Acara tersebut dihadiri oleh Ibu
Felice (perwakilan dari Yayasan Wings Peduli Kasih), Bapak Aristo Kristandyo -
Group Head of Marketing Communications PT. Sayap Mas Uatama (Wings Food and
Beverages), Bapak Rahmat Susanta (Ketua Dewan Pengurus Econity90), Bapak Topik
Ajimulya (Lurah Sumur Batu Bantar Gebang), dan Bapak Nadam Dwi Subekti selaku
pendiri Sekolah Alam Tunas Mulia, serta para orangtua murid dan tamu undangan
lainnya.
Anak-anak di Negeri Sampah menyuguhkan ragam hiburan seni |
Sambutan
dari pihak sekolah begitu terlihat antusias. Anak-anak murid Sekolah Alam Tunas
Mulia memberi sambutan berturut-turut dengan lagu pembuka berjudul, “Guruku
Tersayang” serta tarian dari Sumatera Barat (Dindin Badindin/Indang). Ini menunjukkan
bahwa sekolah tersebut tidak hanya fokus pada bidang pelajaran akademik, namun
tetap mengajarkan hal berbau seni yang terangkum dalam bidang non akademik.

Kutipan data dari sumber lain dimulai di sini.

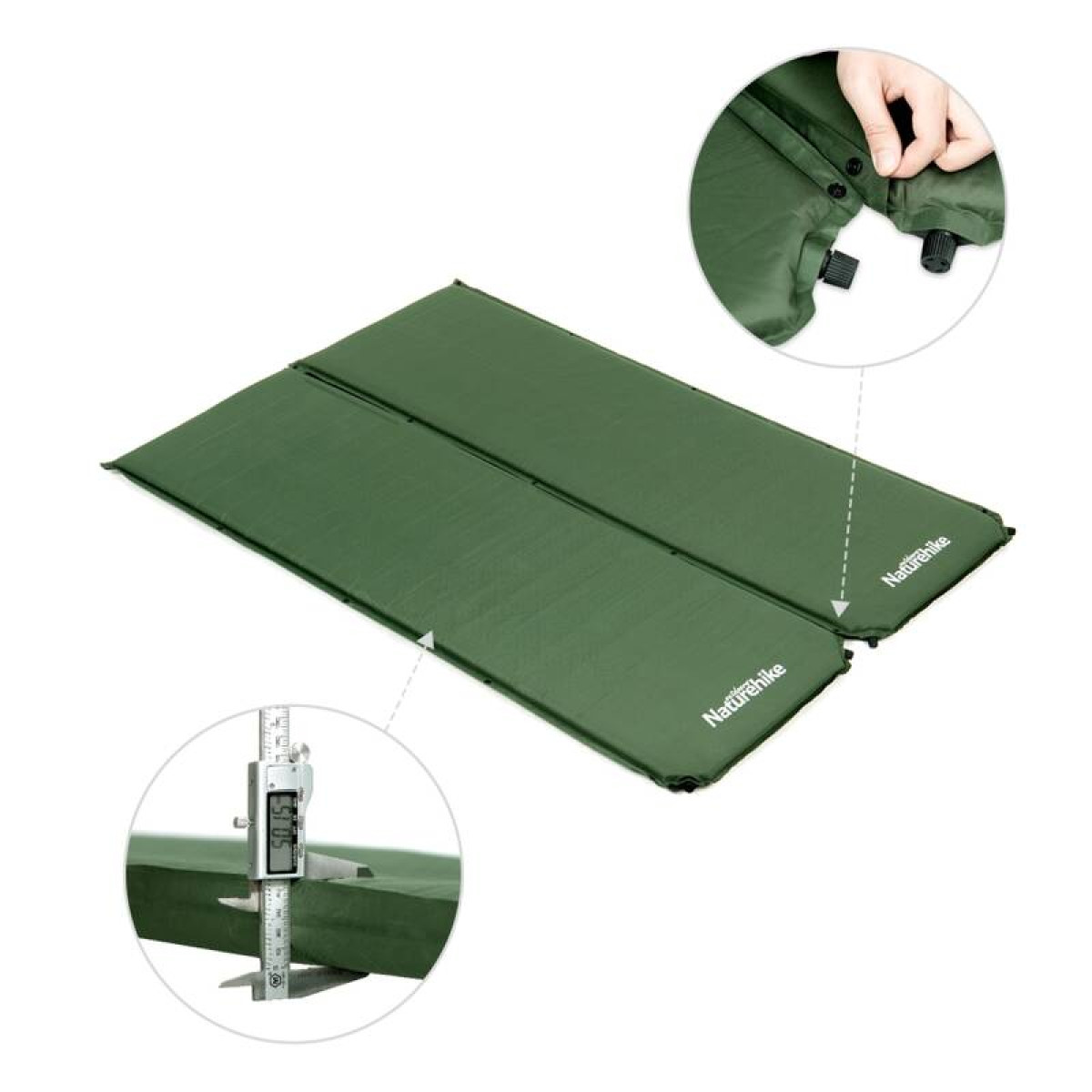 Коврик самонадувной туристический Naturehike D03 Army Green 6927595773680 5
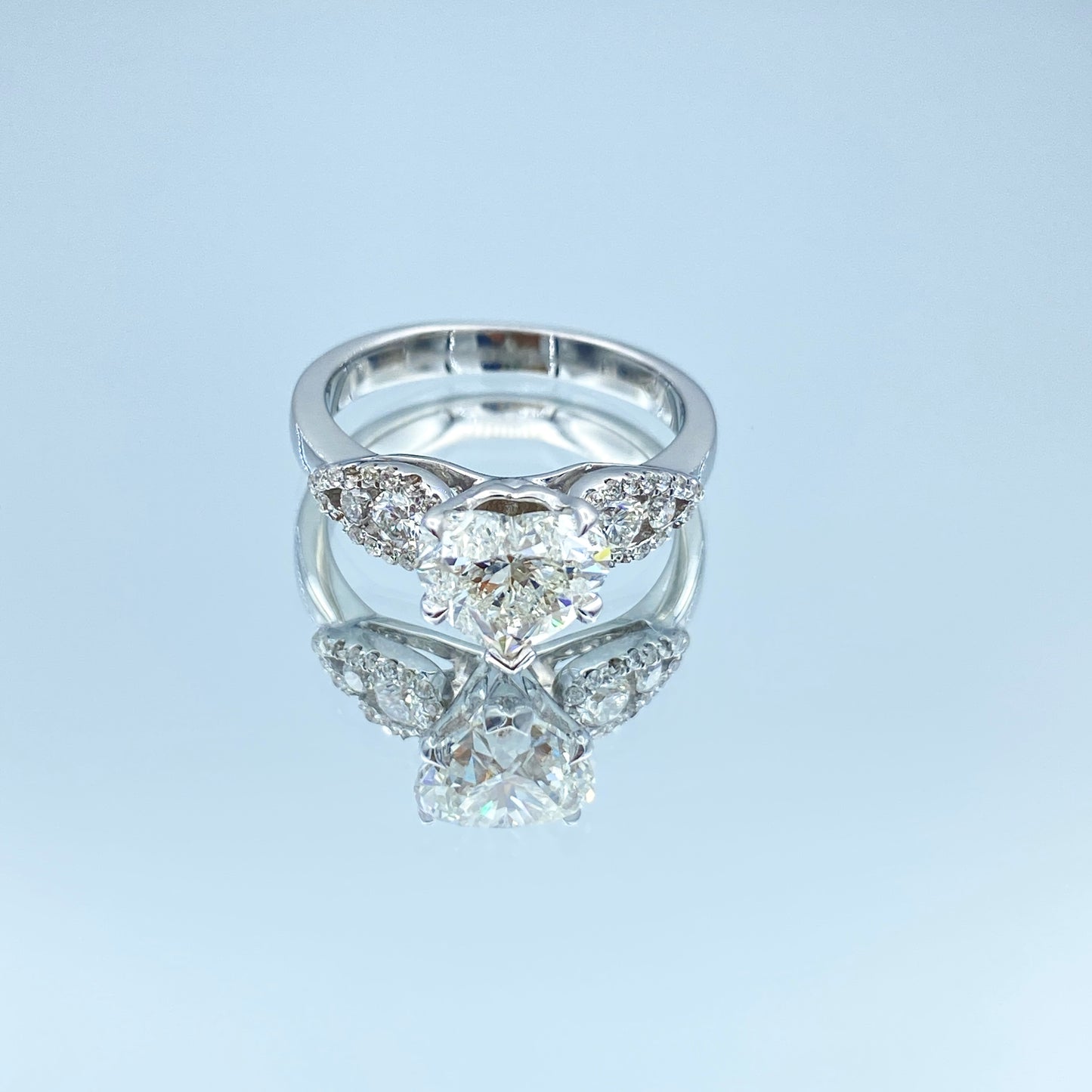 Heart Shape Diamond Engagement Ring in 14K White Gold - L and L Jewelry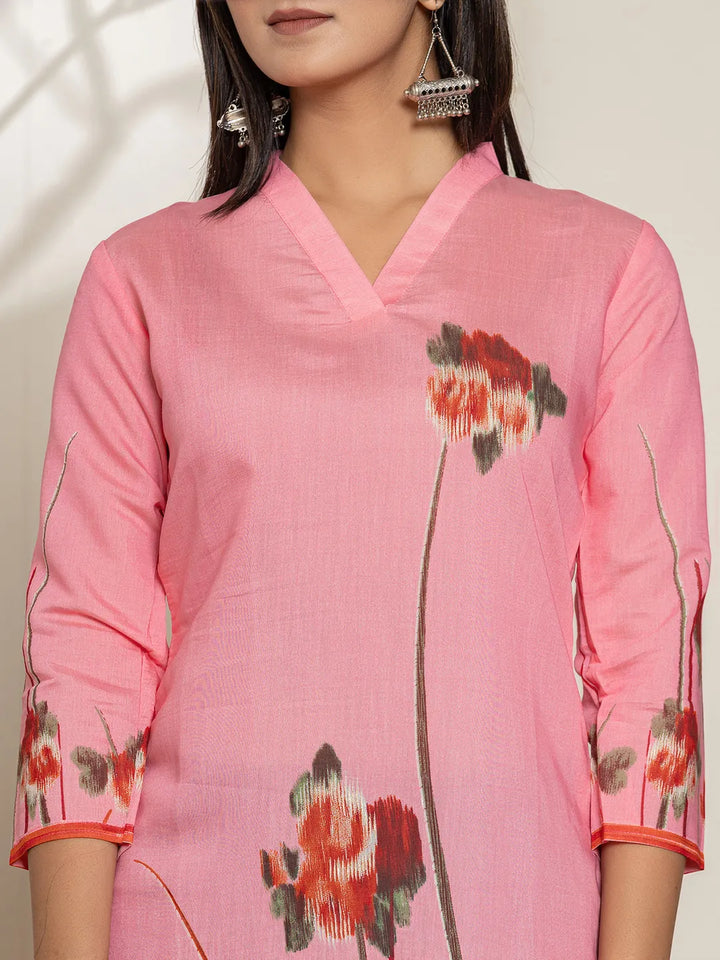 Pink-Silk-Blend-Floral-Digital-Print-Kurta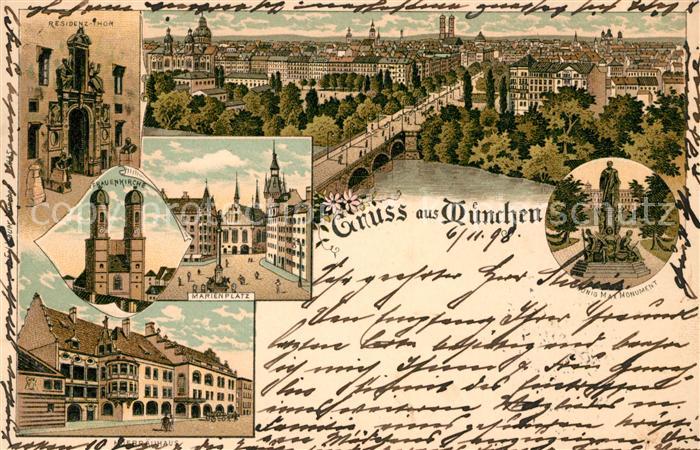Muenchen Bayern Koenig Max Monument Marienplatz Frauenkirche Residenztor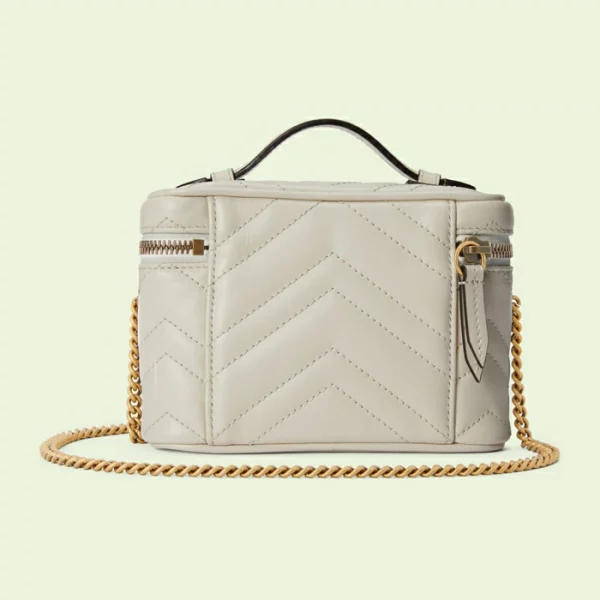 GUCCI GG Marmont Mini Top Handle Bag - White Leather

Topik Ajimulya (Lurah Sumur Batu) |
Dalam
sambutannya, Bapak Rahmat Sutanta (Ketua Dewan Pengurus Econity90) mengatakan,
bahwa di Indonesia terdapat lebih dari seratus ribu sekolah yang dianggap tidak
layak pakai. Meskipun Sekolah Alam Tunas Mulia sudah berjalan sekian tahun
lamanya, menurut Pak Rahmat sekolah itu termasuk dalam kategori sekolah belum
layak.
Rahmat Sutanta |
Untuk
itu, selaku wakil dari Wings Peduli Kasih, Bapak Aristo Kristandyo mengatakan
bahwa mereka ingin memberikan yang terbaik untuk anak-anak. Namun, menurutnya,
yang sering menjadi kendala adalah masalah kekonsistenan. “Ide dan upaya harus
terus kita lakukan secara konsisten. Membangun impian juga harus konsisten.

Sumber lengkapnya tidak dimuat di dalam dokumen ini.